Me Alice Nkom, présidente du Réseau de Défense des Droits de l’Homme en Afrique Centrale (REDHAC), a déclaré que cette affaire est d’une importance capitale et qu’elle mobilise l’attention du monde entier. Le REDHAC a d’ailleurs annoncé qu’une plainte serait déposée contre le gouvernement camerounais et une lettre serait adressée au président de la commission africaine des droits de l’homme et au rapporteur spécial sur les actes de tortures.
Longkana Agno Simon, actuellement en exil, s’est exprimé dans une interview accordée à la chaîne de télévision internationale TV5 Monde. Il a confirmé l’authenticité de la vidéo et a déclaré avoir été victime de sévices de la part d’agents de sécurité camerounais sous les ordres d’Emile Bamkoui Julien.

Selon Longuè Longuè, ses bourreaux, parmi lesquels Ben Tambala, ancien commandant de la sécurité militaire, et d’autres militaires qu’il peut identifier sur la vidéo, l’ont torturé parce qu’il avait osé exprimer son opinion après l’élection présidentielle de 2018, affirmant que Maurice Kamto avait gagné. « Ce ne sont pas des démocrates mais des dictateurs », a-t-il déclaré, expliquant que les personnes qui l’ont torturé ne veulent tolérer aucune opinion divergente.

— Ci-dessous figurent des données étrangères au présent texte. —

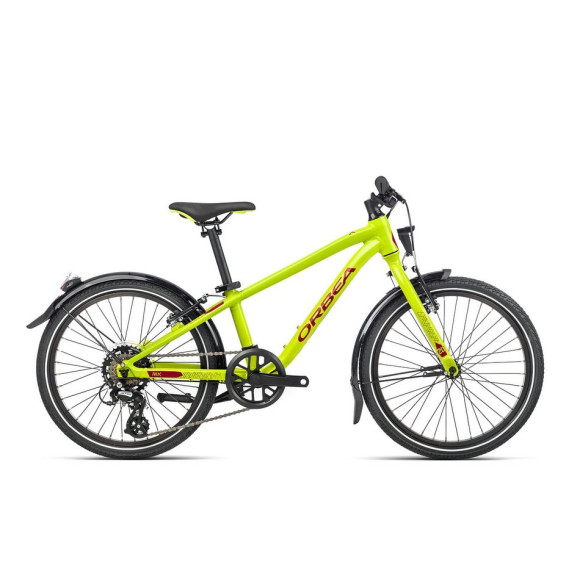 Bicicleta de parque ORBEA MX 20 2023 AMARELO Tamanho único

Les images de la torture de Longkana Agno Simon ont choqué les Camerounais. Les réseaux sociaux sont inondés de messages de soutien au musicien et de condamnation des actes de barbarie commis par les agents de sécurité.
De nombreux Camerounais font le lien avec l’affaire Martinez Zogo, un journaliste retrouvé mort en janvier 2023 après avoir été torturé et disparu. Ces deux affaires illustrent un climat de peur et d’impunité qui règne au Cameroun, où les critiques du pouvoir sont souvent victimes de sévices et d’intimidations.

L’enquête ouverte par le gouvernement camerounais est attendue avec impatience. Les citoyens exigent justice pour Longkana Agno Simon et demandent que les responsables de cette torture sauvage soient punis.
Cette affaire soulève également des questions sur les pratiques de la sécurité camerounaise et sur la liberté d’expression dans le pays. Le Cameroun doit faire face à ses démons et s’engager véritablement sur la voie de la justice et de l’état de droit.